What can stop Permitted Development - Oct. 1st
As permitted Development primarily only
applies to dwellings (not flats) homeowners should be aware that even if their extension appears to fall
within the descriptions of the latest PD criteria, your particular site may have some unique situations that
would prevent you from implementing your extension or alterations scheme under permitted
Here is a list of some typical situations that I have come across in the past
that have prevented home owners from building an extension without Planning Permission:-
REMOVAL OF PERMITTED DEVELOPMENT RIGHTS:-
As a guide, the newer the property, the more likely it is that the original
Planning Consent for the site / estate would have a condition on the approval that removed some or all of the
properties Development rights. It has been our experience that most homeowners have never seen the original
Planning Permission or have a copy nor know where to obtain one from. This is potentially the biggest trip up
to implementing your PD rights and should always be your first check at the Council Planning Records to view the
original or subsequent Planning approvals for your property.

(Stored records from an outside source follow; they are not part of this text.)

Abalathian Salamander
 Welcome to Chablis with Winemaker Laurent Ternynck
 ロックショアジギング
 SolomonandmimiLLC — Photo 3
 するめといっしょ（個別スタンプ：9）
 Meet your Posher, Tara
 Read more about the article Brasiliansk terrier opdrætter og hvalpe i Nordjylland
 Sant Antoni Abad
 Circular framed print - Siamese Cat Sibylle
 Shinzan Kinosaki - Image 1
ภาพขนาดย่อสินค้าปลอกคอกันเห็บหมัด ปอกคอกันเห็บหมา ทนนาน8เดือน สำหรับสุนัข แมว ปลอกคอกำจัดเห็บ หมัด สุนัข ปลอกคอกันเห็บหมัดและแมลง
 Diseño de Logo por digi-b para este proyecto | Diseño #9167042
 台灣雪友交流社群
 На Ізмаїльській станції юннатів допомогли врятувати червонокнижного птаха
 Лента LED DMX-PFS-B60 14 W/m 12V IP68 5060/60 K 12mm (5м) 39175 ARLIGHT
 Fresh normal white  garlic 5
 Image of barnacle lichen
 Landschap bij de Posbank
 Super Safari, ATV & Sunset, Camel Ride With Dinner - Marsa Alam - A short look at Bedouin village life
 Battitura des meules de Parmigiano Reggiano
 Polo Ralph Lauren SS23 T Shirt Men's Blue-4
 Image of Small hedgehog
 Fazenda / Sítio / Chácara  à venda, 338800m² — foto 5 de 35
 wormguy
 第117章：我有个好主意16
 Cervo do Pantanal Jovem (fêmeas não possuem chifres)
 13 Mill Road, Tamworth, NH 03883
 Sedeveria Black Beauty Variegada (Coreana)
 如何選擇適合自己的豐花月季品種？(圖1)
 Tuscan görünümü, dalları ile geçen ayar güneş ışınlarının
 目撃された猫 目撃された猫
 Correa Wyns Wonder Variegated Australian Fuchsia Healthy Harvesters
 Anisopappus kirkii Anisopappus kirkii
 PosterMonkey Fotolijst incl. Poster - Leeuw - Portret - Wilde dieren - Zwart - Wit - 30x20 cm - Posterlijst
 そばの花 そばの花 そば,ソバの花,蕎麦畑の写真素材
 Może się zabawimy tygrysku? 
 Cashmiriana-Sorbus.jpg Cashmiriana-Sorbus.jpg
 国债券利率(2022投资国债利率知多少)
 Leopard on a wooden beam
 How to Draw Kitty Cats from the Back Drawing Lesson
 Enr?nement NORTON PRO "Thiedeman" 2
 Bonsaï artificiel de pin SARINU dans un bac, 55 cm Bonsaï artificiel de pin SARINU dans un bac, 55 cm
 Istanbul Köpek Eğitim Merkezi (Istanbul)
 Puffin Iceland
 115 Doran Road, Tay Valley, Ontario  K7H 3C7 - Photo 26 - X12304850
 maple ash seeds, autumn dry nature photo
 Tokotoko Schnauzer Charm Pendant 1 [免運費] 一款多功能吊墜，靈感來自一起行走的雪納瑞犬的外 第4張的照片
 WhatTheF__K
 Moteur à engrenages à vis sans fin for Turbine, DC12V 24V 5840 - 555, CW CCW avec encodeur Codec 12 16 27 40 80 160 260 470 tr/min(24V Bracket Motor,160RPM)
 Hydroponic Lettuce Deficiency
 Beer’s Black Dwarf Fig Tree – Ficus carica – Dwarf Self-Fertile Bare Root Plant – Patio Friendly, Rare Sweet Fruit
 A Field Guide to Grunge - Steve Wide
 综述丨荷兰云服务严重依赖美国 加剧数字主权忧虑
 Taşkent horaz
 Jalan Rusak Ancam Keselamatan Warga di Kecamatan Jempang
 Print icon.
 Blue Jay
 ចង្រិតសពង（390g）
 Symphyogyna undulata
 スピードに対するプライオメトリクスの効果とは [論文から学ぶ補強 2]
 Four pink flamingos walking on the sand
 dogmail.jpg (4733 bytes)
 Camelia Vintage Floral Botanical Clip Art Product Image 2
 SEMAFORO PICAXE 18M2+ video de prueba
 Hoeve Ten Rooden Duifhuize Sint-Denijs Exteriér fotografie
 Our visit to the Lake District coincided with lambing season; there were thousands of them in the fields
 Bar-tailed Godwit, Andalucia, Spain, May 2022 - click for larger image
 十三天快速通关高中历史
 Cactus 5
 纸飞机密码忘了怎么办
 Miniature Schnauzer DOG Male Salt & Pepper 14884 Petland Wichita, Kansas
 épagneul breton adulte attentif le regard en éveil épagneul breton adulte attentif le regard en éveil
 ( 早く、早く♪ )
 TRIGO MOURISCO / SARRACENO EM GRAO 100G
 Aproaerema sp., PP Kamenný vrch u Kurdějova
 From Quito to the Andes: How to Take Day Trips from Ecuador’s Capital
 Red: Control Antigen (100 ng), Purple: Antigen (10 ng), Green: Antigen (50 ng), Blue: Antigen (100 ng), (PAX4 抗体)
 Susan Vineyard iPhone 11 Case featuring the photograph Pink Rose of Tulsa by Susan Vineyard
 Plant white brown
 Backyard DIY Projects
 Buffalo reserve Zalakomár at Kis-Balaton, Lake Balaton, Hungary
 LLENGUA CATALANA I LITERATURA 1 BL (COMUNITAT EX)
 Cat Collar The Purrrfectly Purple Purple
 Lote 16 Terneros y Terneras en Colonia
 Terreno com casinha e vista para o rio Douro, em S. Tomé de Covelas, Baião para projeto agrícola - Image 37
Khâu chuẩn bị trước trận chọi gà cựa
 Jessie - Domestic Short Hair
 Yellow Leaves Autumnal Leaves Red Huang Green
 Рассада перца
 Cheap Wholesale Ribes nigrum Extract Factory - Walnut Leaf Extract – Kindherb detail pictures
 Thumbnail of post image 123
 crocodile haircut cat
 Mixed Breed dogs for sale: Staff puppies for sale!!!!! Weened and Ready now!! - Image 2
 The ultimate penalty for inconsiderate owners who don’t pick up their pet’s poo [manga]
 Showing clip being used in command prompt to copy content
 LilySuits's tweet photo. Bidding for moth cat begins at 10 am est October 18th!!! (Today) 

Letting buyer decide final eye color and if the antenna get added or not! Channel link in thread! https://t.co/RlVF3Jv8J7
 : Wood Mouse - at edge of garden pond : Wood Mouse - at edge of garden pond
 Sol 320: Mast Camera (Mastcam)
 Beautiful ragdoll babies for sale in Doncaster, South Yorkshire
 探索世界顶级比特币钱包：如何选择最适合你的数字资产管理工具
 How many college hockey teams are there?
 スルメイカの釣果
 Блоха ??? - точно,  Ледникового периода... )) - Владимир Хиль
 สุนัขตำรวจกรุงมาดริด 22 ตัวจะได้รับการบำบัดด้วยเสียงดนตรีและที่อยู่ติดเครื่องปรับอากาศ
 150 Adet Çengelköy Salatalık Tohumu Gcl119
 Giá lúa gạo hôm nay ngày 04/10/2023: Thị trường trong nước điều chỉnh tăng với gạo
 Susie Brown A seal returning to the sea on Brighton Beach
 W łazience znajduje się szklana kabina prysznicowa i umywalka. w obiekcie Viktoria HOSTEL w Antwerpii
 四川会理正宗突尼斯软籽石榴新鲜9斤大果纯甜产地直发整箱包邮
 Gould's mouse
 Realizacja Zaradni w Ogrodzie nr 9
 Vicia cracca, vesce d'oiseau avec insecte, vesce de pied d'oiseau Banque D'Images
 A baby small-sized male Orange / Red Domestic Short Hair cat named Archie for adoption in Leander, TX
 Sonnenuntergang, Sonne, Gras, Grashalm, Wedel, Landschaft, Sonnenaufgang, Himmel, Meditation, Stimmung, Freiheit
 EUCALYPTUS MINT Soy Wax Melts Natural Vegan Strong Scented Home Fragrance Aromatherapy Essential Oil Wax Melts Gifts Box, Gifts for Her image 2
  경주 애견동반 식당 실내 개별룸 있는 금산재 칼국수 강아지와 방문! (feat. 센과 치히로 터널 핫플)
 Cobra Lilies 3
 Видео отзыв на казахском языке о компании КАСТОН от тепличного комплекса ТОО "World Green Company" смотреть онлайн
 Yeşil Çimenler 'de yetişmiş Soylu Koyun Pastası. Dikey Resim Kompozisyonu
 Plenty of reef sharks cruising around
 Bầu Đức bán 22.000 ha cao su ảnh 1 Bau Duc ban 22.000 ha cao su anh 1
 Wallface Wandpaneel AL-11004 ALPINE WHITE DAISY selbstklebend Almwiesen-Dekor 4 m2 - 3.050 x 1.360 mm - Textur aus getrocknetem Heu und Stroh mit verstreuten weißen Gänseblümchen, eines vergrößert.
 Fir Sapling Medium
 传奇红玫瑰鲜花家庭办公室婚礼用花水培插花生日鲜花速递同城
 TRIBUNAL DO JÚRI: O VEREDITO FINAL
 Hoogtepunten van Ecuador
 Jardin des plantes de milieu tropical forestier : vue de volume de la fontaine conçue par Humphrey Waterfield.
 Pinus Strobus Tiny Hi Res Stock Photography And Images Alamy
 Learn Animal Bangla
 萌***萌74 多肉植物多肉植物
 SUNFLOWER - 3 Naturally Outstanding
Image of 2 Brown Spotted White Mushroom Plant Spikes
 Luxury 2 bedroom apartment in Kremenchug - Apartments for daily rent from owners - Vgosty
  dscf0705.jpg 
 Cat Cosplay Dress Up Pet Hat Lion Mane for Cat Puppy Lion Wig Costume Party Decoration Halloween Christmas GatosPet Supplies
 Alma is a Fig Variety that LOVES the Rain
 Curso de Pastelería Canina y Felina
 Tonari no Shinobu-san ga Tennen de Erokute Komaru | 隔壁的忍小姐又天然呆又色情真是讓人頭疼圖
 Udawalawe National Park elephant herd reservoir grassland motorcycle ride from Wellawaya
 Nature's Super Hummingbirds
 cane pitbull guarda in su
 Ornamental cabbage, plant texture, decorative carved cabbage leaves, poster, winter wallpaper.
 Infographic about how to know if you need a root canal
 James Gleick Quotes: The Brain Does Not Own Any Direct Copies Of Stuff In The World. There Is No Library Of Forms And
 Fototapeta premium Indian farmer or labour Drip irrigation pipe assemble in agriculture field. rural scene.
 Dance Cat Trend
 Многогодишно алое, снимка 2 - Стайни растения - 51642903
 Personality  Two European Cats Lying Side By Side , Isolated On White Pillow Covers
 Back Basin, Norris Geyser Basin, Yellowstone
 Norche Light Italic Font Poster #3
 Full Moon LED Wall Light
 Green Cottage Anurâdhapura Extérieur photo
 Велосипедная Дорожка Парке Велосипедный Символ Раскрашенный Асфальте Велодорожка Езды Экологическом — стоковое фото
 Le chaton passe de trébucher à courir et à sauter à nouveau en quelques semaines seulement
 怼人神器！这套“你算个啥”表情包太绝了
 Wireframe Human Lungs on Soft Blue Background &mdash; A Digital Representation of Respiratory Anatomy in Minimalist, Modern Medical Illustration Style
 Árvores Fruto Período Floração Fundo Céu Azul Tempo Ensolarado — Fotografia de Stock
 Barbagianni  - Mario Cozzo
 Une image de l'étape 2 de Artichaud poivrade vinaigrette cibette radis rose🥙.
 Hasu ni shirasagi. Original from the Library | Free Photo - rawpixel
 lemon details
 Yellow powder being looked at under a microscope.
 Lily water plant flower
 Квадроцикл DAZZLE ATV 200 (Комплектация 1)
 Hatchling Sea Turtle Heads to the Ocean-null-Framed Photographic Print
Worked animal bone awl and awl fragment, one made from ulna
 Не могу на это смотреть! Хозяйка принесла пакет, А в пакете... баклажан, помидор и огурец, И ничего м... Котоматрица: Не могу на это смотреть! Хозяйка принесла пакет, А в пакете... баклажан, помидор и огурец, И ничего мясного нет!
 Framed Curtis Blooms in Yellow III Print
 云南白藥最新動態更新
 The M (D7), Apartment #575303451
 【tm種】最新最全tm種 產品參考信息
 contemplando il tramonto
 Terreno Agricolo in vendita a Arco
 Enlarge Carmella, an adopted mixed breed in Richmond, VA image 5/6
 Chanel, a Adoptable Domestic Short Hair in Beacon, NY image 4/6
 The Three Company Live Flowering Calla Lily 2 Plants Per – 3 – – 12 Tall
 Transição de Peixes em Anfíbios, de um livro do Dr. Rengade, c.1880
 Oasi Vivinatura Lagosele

YOUR PROPERTY IS WITHIN ARTICLE 1(5) LAND:-
Different & more restrictive PD criteria is applied when your property is
within a Conservation Area, an AONB or a National Park. Again double check this issue. Fortunately
Green Belt appears to have been excluded as a controlling influence over PD rights.
YOUR PROPERTY IS A LISTED BUILDING:-
Most people or homeowners would normally know this fact. You will need
formal Planning Permission for virtually everything you intend completing to a listed building.
YOUR FRONT ELEVATION IS NOT YOUR PRINCIPLE
Strange one this but the wording has now shifted away from orientating the
building using the term front elevation. Principle elevation is now used which is some cases may not be the
front elevation as you would envisage. Confusion would normally occur in this aspect when a property is on a
large plot served by a long drive that may not have an obvious road frontage. Similarly, a corner plot in an
urban setting could cause similar confusion. Therefore assess your property logically. Which aspect of
the property is the most dominant that would be visible from the road for example. That elevation might not
even have the front door.
SLOPING GROUND LEVELS:-
This could cause conflict with eaves or ridge heights for example. There is an attempt within
the Articles of Citation section of the GPDO that infers that for an uneven ground level the height will be taken
from the highest adjoining natural ground level point. Again the use of strange wording can create unclear
and inconsistent interpretations from various Councils when assessing critical heights for sloping sites.
YOUR PROPERTY IS NOT CLASSIFIED AS A SINGLE DWELLING
Perhaps you are part of a property that is classified by the Council as a HMO (a home in multiple
occupation) such as bed sits. Even if you purchased a HMO and now using it as a single dwelling unit, it
previous planning history may still cloud implementing your PD rights.
THE LAND FOR THE EXTENSION IS NOT WITHIN THE CLEARLY DEFINED RESIDENTIAL CURTILAGE:-
Perhaps your property purchased a separate parcel of land that was say a paddock or agricultural land & your
extension will now build into this area. If the land is not classed as residential curtilage then is cannot
be built under the sites PD allowances.
YOUR EXTENSION SCHEME OVERHANGS A BOUNDARY:-
It is critical that no part of the extension overhangs of encroaches over a boundary including the eaves &
AN IRATE NEIGHBOUR COMPLAINING TO THE COUNCIL:-
This happens quite a lot as neighbours may not have not been prior informed of the works by the council or the
owners and their first port of call is usually the Planning Department who send down their Enforcement Officer
who will assess the situation for its legality. This reason alone is enough of a fear in my opinion that all
homeowners intending to build anything under the site permitted development allowances should always have drawings
prepared to apply for and obtain a Certificate of Lawful development.